Is it so wrong that he wants to spend time with his kids?
BM is constantly trying to fill up the kids time when it's our time. DH has been putting a stop to it but what she does now is tries to make plans through the kids. For instance, SS called him last night and says one of his friends was in the middle of a move and asked if SS could dog sit at their house while they are moving. What??? This makes zero sense. He could hear BM in the background coaching him. DH said "we'll bud, you already have a birthday party that day and we have to run around and get a gift, food for your lizard and you need to take care of your own pets, but how about this: why don't they drop the dog off to us and you can dog sit here" there was a pause (mom telling him what to say) then he says "well I kind of want to go there?" DH said "let's talk about it tomorrow when I pick you up" so mom isn't there coaching him.

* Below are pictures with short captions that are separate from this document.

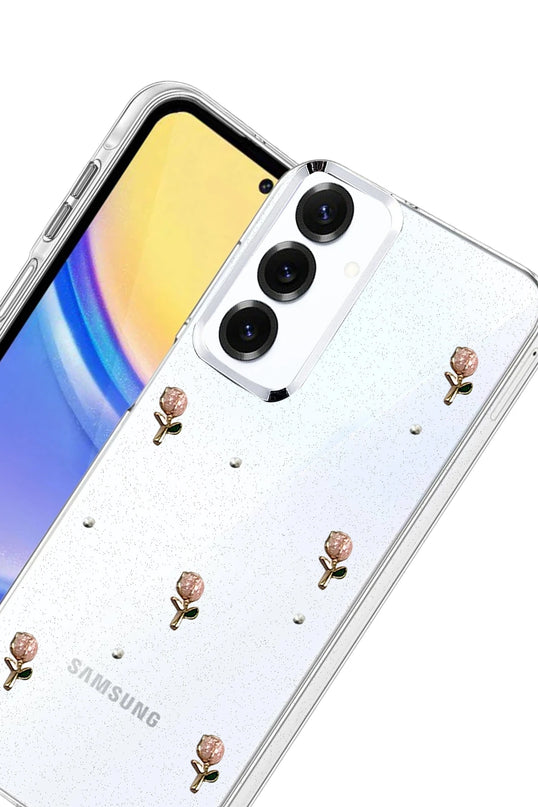 Samsung Galaxy A14 4G Fiyonk Desenli Kapak Kılıf - Desen 6 3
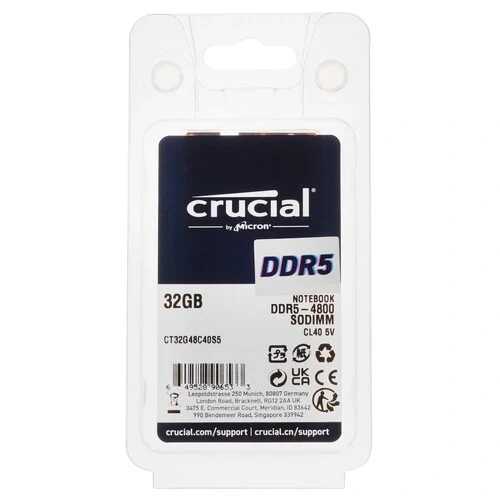 Оперативная память 32 Gb 4800 MHz CRUCIAL (CT32G48C40S5)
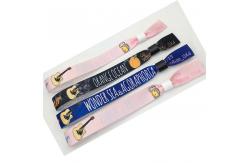 China Woven Fabric Cloth Wristbands Adjustable Disposable OEM Accepted One Side Or Double Side Printed Ideal For Event Promotion supplier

Thid is ridiculous. We have no time with these kids. I get they need to have friends and do things as well but every weekend we have them they have stuff mom sets up for them from the morning until the night. We are SO sick of it! Then she gets the kids involved and puts them in the middle so we have th either go along with this craziness or say no.
I have ZERO issues like this with my ex! Why is it constantly something with her? Literally every single day it's something.
why can't she just go get a life?
So DH just wants to freaking say no. They have responsibilities here that they are not doing because they are constantly doing other things. He put his foot down with the sports nonstop so now she's going to try to get them to do dog sitting ect... what can we do? Just constantly say no to stepsons? She is a complete maniac.